Explain how you would:
● Use PCA to reduce dimensionality
● Decide how many components to keep
● Use KNN for classification post-dimensionality reduction
● Evaluate the model
● Justify this pipeline to your stakeholders as a robust solution for real-world biomedical data.

Answer: Due to large number of features and a small number of samples, traditional models overfit this can happen due to a phenomenon called curse of dimensionality, to remove this we can use PCA.

Step 1:- Using PCA for dimensionality reduction: Biomedical datasets often contain hundreds or thousands of features (e.g., gene expressions, imaging biomarkers, lab test results). Many of these features are correlated or redundant, which increases noise and makes models less efficient.

- Principal Component Analysis transforms the original features into new uncorrelated features called principal components, ordered by the amount of variance they explain.

- Before applying PCA, we standardize features (zero mean, unit variance), since PCA is sensitive to scale.

- PCA reduces data complexity while preserving most of the information.

    This step improves computational efficency and reduces the risk of overfitting.

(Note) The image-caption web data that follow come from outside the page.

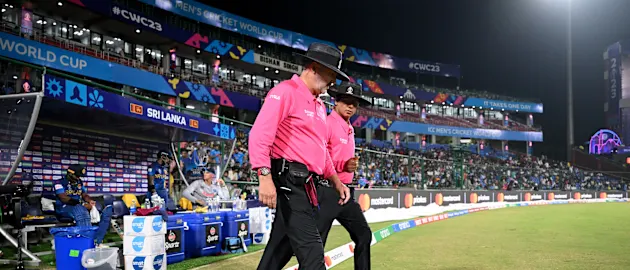 Umpires Richard Illingworth and Shahid Saikat walk onto the field during the ICC Men's Cricket World Cup India 2023 between South Africa and Sri Lanka at Arun Jaitley Stadium on October 07, 2023 in Delhi, India.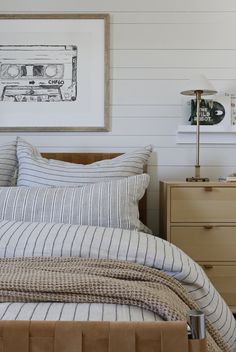 a bed with striped sheets and pillows next to a painting on the wall above it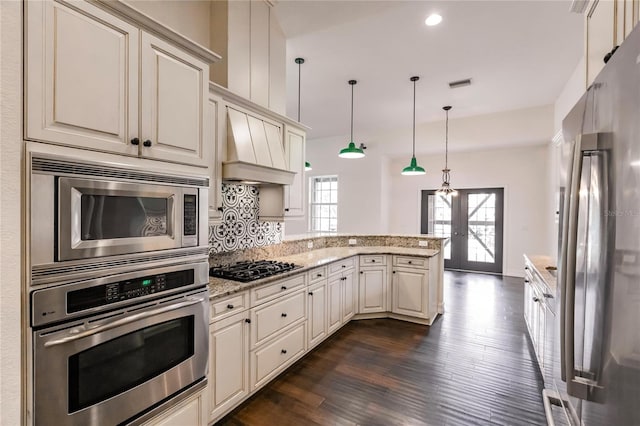 kitchen featuring premium range hood, decorative light fixtures, dark wood-type flooring, appliances with stainless steel finishes, and light stone countertops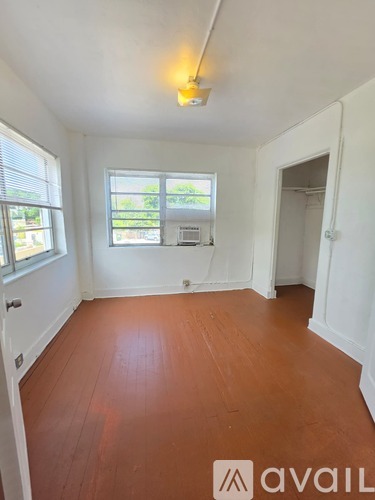 A room with wooden floors and white walls, with a window showing greenery outside.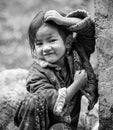 Samagau, Gorkha - December 23 2018: Young beautiful sherpa girl poses infront of the camera Royalty Free Stock Photo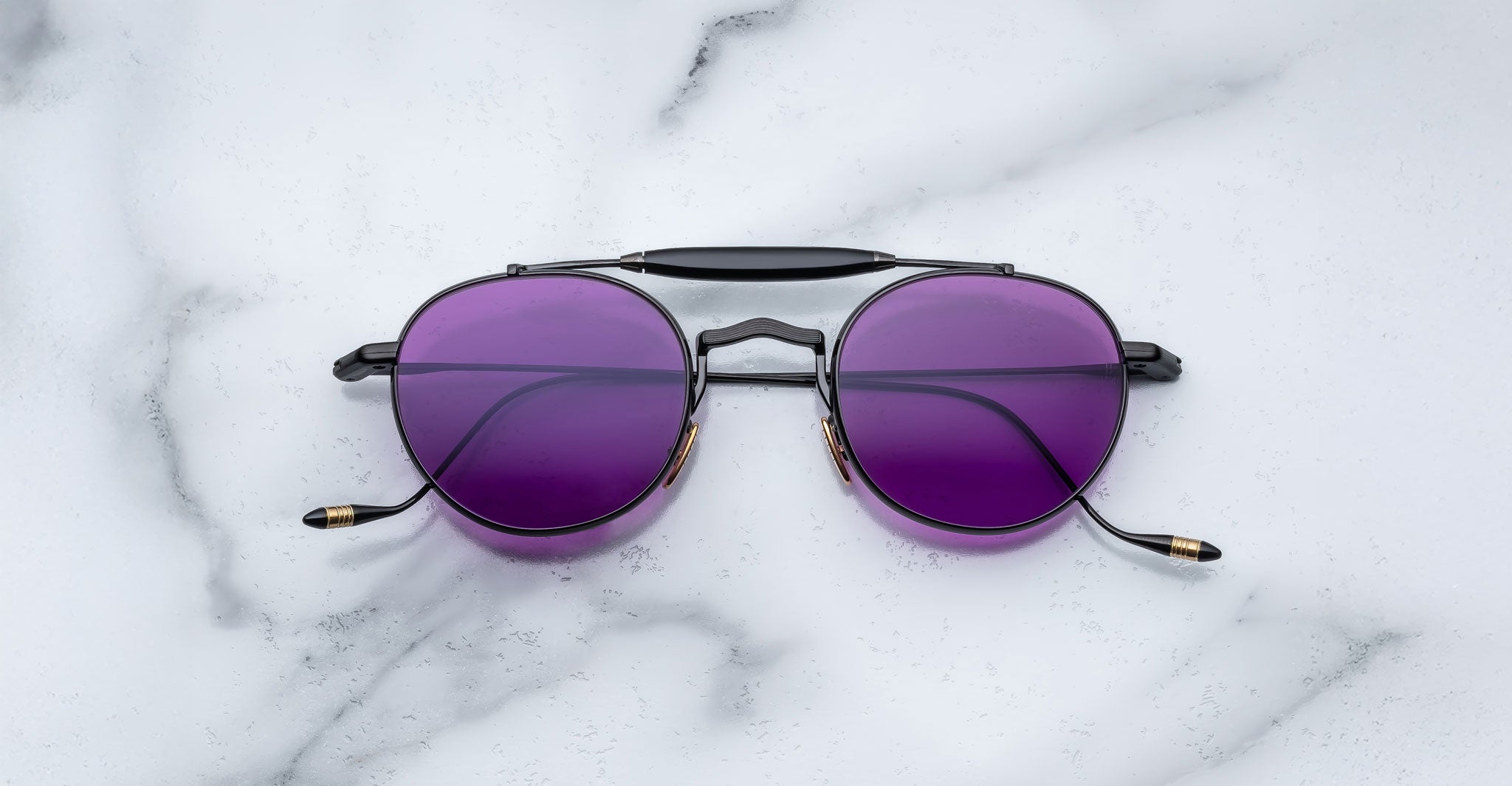 Front view of the Jacques Marie Mage Dasan titanium sunglass in black color with purple lenses on a white marbled with grey veining background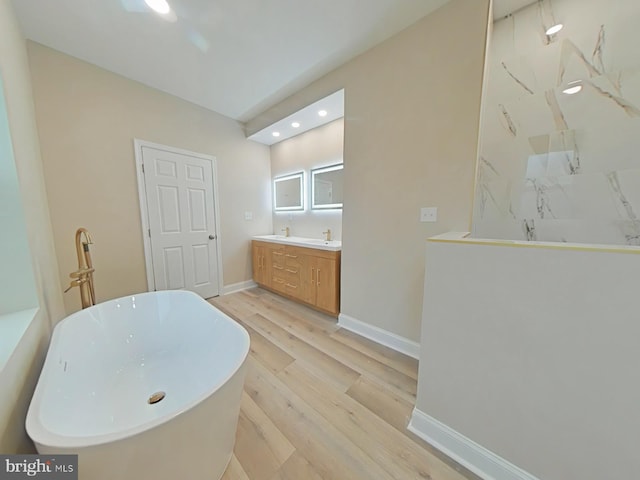 bathroom featuring vanity, hardwood / wood-style floors, and a washtub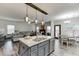 Open concept kitchen with granite island and seating, stainless steel appliances, flowing into the living and dining areas at 893 Whitfield Oak Rd, Auburn, GA 30011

Step 2:- Deciding the number of components:
- Explained Variance Ratio: We calculate how much variance each principal component explains.

- Cumulative Variance Plot (Scree Plot): Used to find the "elbow point," where adding more components doesn't significantly increase variance explained.

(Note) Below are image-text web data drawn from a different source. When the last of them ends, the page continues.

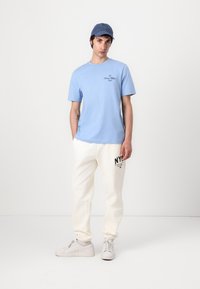 T-shirt en coton bleu clair avec logo imprimé ; sweatpants crème avec texte noir ; baskets grises ; casquette bleue. Le modèle se tient devant un fond uni.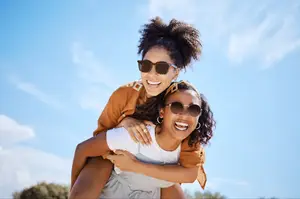 Two women smiling and posing for a photo on a sunny day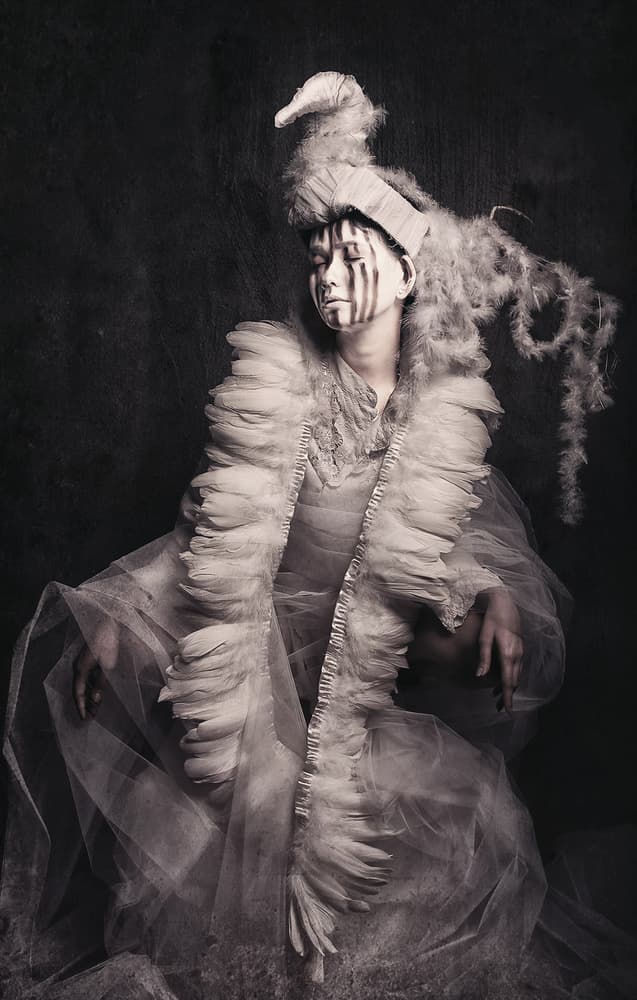Mysterious Feathered Woman by Hari Sulistiawan — canvas wall art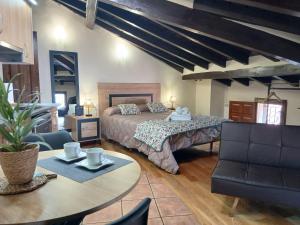 a bedroom with a bed and a table and chairs at Hostal El Rincón del Trillo in La Alberca +52 photos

- Typical Criterion: Keep enough components to retain 90 to 95% variance.

Example: If the first 10 components explain 94% of the variance, we use those instead of all 100 original features.

  This ensures that we had balanced between dimensionality reduction and retaining meaningful biomedical signals.

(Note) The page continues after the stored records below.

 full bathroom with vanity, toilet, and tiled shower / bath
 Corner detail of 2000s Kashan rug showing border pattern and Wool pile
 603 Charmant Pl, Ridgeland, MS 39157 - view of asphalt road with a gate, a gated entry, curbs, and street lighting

Step 3:- Apply KNN for classification:
- Once PCA reduced the dataset, we train a K-Nearest Neighbors classifier on the principal components.
- Post PCA, Each new patient is classified based on the "closest" existing patient profiles in the reduced feature space.
- PCA removes irrelevant noise, making these distances more meaningful.

  With fewer dimensions, KNN avoids the curse of dimensionality and performs more reliability.

Step 4:- Model Evaluation: For evaluation purposes we can use:
- Cross Validation: Use Grid Search CV or Randomized Search CV for reliable estimates.
- could use metrics to know the performace of the model-
  - Accuracy for overall correctness.
  - Precision and Recall are critical in medical tasks i.e., high recall means fewer missed patients with disease.
  - F1-score can make balances between precision and recall.
  - ROC-AUC measures the ability to distinguish diseased and healthy patients.

  could show the performance of KNN with and without PCA, demonstrate the benefit of dimensionality reduction.
Step 5:- Justification:
- Biomedical data is large, complex, and noisy. PCA helps us compress the data into fewer meaningful patterns.
- This makes predictions faster, more accurate, and less likely to overfit.
- KNN is intuitive: the model predicts based on the closest patient profiles, which is easy for medical experts to understand.
- By evaluating with recall and ROC-AUC, we ensure the model prioritizes catching as many disease cases as possible, even if it slightly lowers accuracy.

Business/Healthcare Value:
- Helps doctors with early disease detection.
- Enables personalized treatments by grouping similar patients.
- Improves trust and interpretability, since PCA can show which biomedical signals are most influential.
- Reduces computational cost → scalable to hospital-level data.